Published/Copyright: April 7, 2023

Abstract

Trajectory planning for autonomous cars can be addressed by primitive-based methods, which encode nonlinear dynamical system behavior into automata. In this paper, we focus on optimal trajectory planning. Since, typically, multiple criteria have to be taken into account, multiobjective optimization problems have to be solved. For the resulting Pareto-optimal motion primitives, we introduce a universal automaton, which can be reduced or reconfigured according to prioritized criteria during planning. We evaluate a corresponding multi-vehicle planning scenario with both simulations and laboratory experiments.

Zusammenfassung

Die Trajektorienplanung autonomer Fahrzeuge kann basierend auf Bewegungsprimitiven erfolgen. Diese kodieren nichtlineares Systemverhalten in diskrete Automaten. In diesem Aufsatz betrachten wir die optimale Trajektorienplanung. Da typischerweise mehrere Optimierungskriterien zu berücksichtigen sind, müssen multikriterielle Optimierungsprobleme gelöst werden. Für die resultierenden Pareto-optimalen Bewegungsprimitiven stellen wir einen universellen Automaten vor. Dieser kann während der Planung, je nach priorisierten Kriterien, reduziert oder rekonfiguriert werden. Wir evaluieren den Ansatz für ein Planungsszenario mit mehreren Fahrzeugen sowohl in Simulationen als auch in Laborexperimenten.
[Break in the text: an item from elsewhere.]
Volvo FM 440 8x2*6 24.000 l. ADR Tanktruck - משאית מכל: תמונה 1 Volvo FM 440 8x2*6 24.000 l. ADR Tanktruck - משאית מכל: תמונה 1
Corresponding author: Matheus V. A. Pedrosa, Chair of Systems Modeling and Simulation, Systems Engineering, Saarland University, Saarbrücken, Germany, E-mail: .
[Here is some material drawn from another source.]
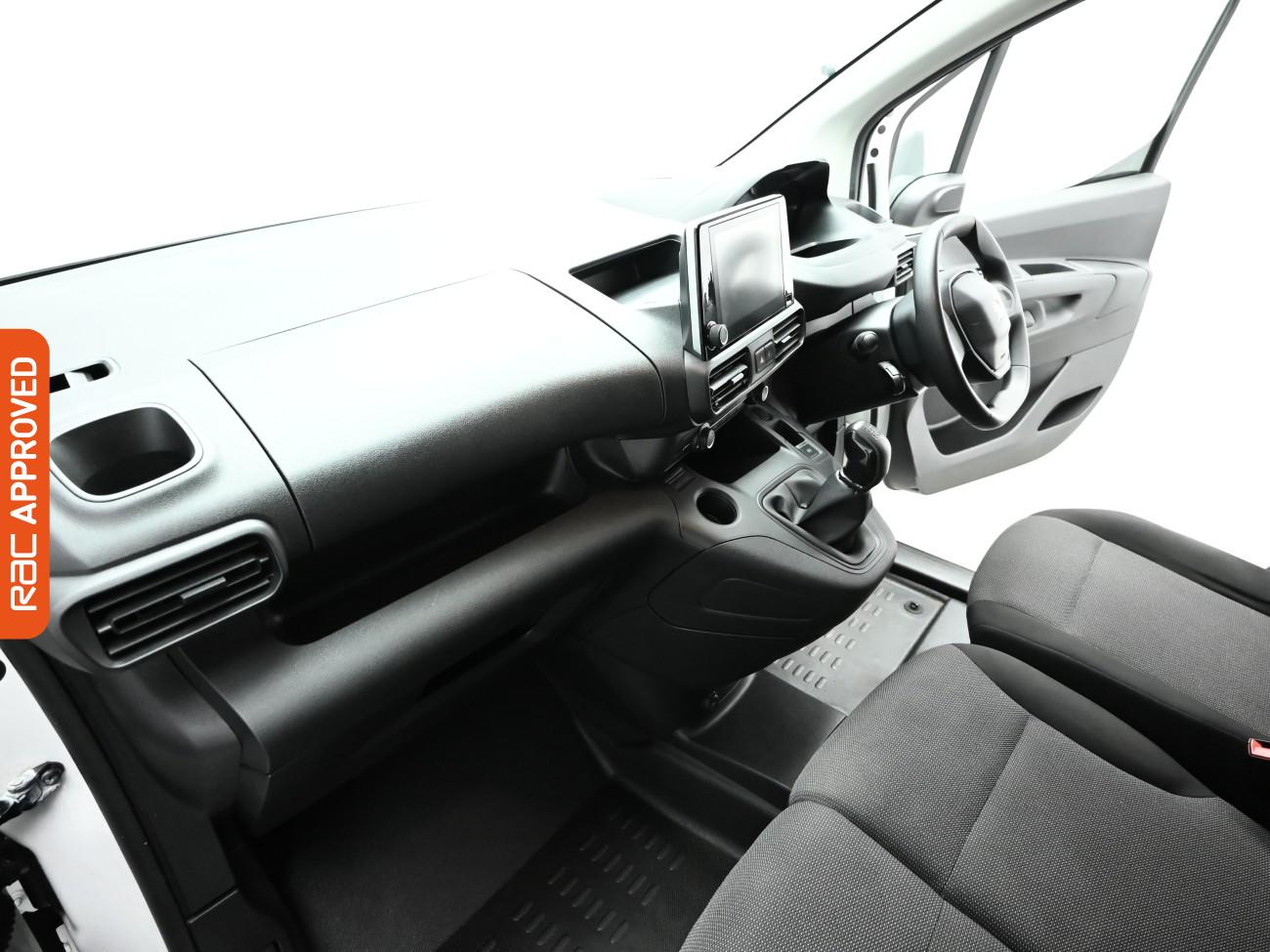 Used Peugeot Partner 2021 for sale - 77000617: Photo 23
Funding source: Deutsche Forschungsgemeinschaft

Award Identifier / Grant number: Unassigned

About the authors

Matheus V. A. Pedrosa

Matheus V. A. Pedrosa received the bachelor's degree in computer engineering from the Federal University of Rio Grande do Norte, Natal, Brazil, in 2016, and the master's degree in automation and systems engineering from the Federal University of Santa Catarina, Florianópolis, Brazil, in 2018. He is currently pursuing the Ph.D. degree with the Chair of Systems Modeling and Simulation, Department of Systems Engineering, Saarland University, Saarbrücken, Germany, under the supervision of Prof. Dr. Kathrin Flaßkamp.

Patrick Scheffe

Patrick Scheffe received the B.Sc. degree in mechanical engineering and the M.Sc. degree in automation engineering from RWTH Aachen University, Aachen, Germany, in 2016 and 2019, respectively, where he is currently pursuing the Ph.D. degree in computer science with the Chair of Embedded Software. His research interests include distributed decision-making for networked control systems and its application to connected and autonomous vehicles.

Bassam Alrifaee

Bassam Alrifaee received the Ph.D. degree from the Institute of Automatic Control, RWTH Aachen University, Aachen, Germany, in 2017. From 2011 to 2017, he was a Research Associate with the Institute of Automatic Control, RWTH Aachen University. He is currently a Senior Researcher and a Lecturer with the Chair of Embedded Software, RWTH Aachen University. He is the Founder of the Cyber-Physical Mobility Group and Lab, Aachen, Germany. His research interests include: 1) networked control systems; 2) service-oriented software architectures for control systems; and 3) applications of 1) and 2) to connected and autonomous vehicles. He is a principal investigator of several projects.

Kathrin Flaßkamp

Kathrin Flaßkamp received the Diploma degree in technomathematik (applied mathematics with engineering) and the Ph.D. (Dr.rer.nat.) degree in mathematics from Paderborn University, Paderborn, Germany, in 2008 and 2013, respectively. She is currently a Full Professor of Systems Modeling and Simulation with Saarland University, Saarbrücken, Germany. Her research is within the field of modeling, simulation, optimization, and control, focusing on the development of numerical methods and on applications.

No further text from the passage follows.